MAKE YOUR FLYING EASY! Let skybookGA™, the most integrated on-line pre-flight briefing service for the GApilot, take the pressure off planning your next flight OING flying this weekend? Will you be off to the south coast, working your way down through the busy air corridors of Luton, Stansted, Heathrow and Gatwick plus a host of other active airfields? Before you go, you need to know the best route, with the best information at your disposal. So, who do you turn to? It has to be the experts. Turn to skybookGA, the most integrated briefing service available, which ensures the relevant information for your flight is available wherever you are, whenever you want, before you set off. INDUSTRY EXPERTISE The service was created by flight planning experts Bytron, behind commercial flight briefing services used by major airlines, NATS and airport authorities. skybookGA is a spin-off from this professional commercial programme. When Bytron was formed 1984, its objective was to provide electronic briefing systems that would dispense with the uncertainty of fax and paper trails that hindered reliable data provision. Their mission to abolish unwieldy processes brought great benefits to professional pilots – and now GA pilots too. skybookGA benefits from the lengthy development process that went into the professional service. Rightfully known as ‘the

one-stop shop for pre-flight briefing,’ skybookGA offers comprehensive planning aids which allow pilots to easily customise routes, visualise them, and view in both Google Earth and Virtual Earth. At the invitation of Thomas Cook Airlines, which uses Bytron’s eFlight Briefing package, Bytron is working with Rolls-Royce subsidiary DS&S to create its first fully-integrated and connected Electronic Flight Bag (eFB), allowing maintenance data and engine monitoring on a global scale. FANTASTIC FEATURES FOR GA The beauty of skybookGA is the breadth of service it offers, catering well for the shortest low-level flight, all the way to upper level cross-border journeys – always being easy to use. skybookGA features include Personal Location Point information, which allows you to create waypoints and store them for future use. Airfield Brief is another brilliant feature, which allows search of airfields by name or ICAO and IATA codes. The information includes full airfield and runway details, plus all NOTAM/METAR/TAFS/ LTAFS/SNOWTAM affecting that airfield. The Great Circle Route Briefing will route width and upper flight level, and create a route using the shortest course between the airfields. The brief calculates all FIR and airfields within the route’s width and upper limit with NOTAM and MET info.
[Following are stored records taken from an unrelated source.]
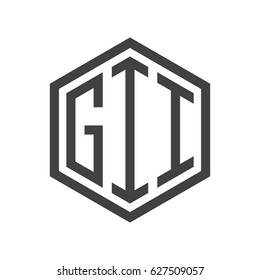 three-letter initials hexagon logo black
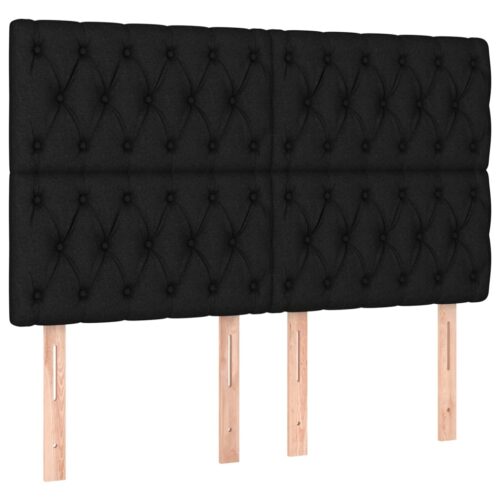 Headboards 4pcs Black 80cm Fabric - Image 2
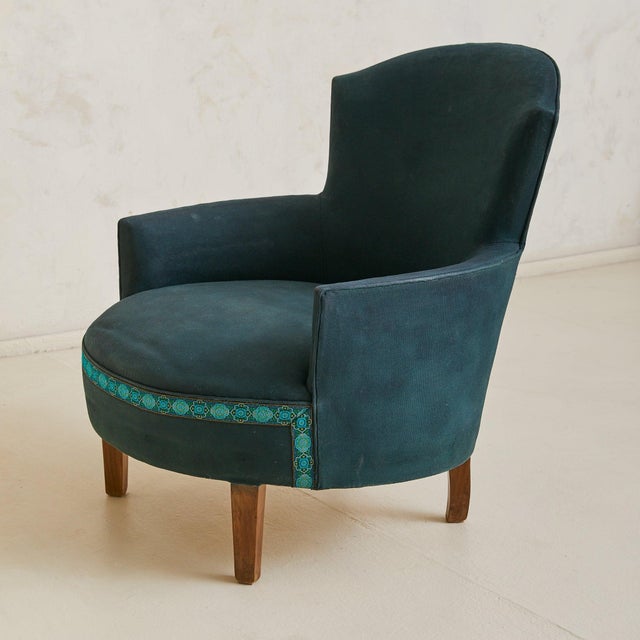 French Art Deco Blue Armchair with Wood Legs, 1940s - 2 Available For Sale In Chicago - Image 6 of 10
SIGMET advises on potential weather hazards other than convective activity over a 3000 square mile area, generating data on icing, turbulence, dust and even volcanic ash. AIRMET’s regional weather forecasts cover regions within the UK and is updated regularly throughout the day. Two of skybookGA’s integrated features that pilots particularly praise are the Quick Weather Maps and Danger Area Briefs. Quick Weather Maps allow you to view prevailing weather conditions and trends at a glance. They provide information on windspeed and direction, temperature, dew points, cloud cover and pressure. Danger Area Briefs allow searches for international and domestic NOTAM affecting Danger Areas by FIR, area name or number during specific time periods. It includes easy-to-view charts of UK Danger Areas. International NOTAM contains information about the establishment, condition or change in any facility, service, procedure or hazard. The most recent development is the Pilot Log (Plog), based on departure, destination, flight level and flight corridor, and even fuel burn. Routing data can be exported to GPs devices too. It’s small wonder GA pilots cherish the comprehensive briefing data that skybookGA offers. They feel confident that every eventuality has been covered, before setting off to the airport.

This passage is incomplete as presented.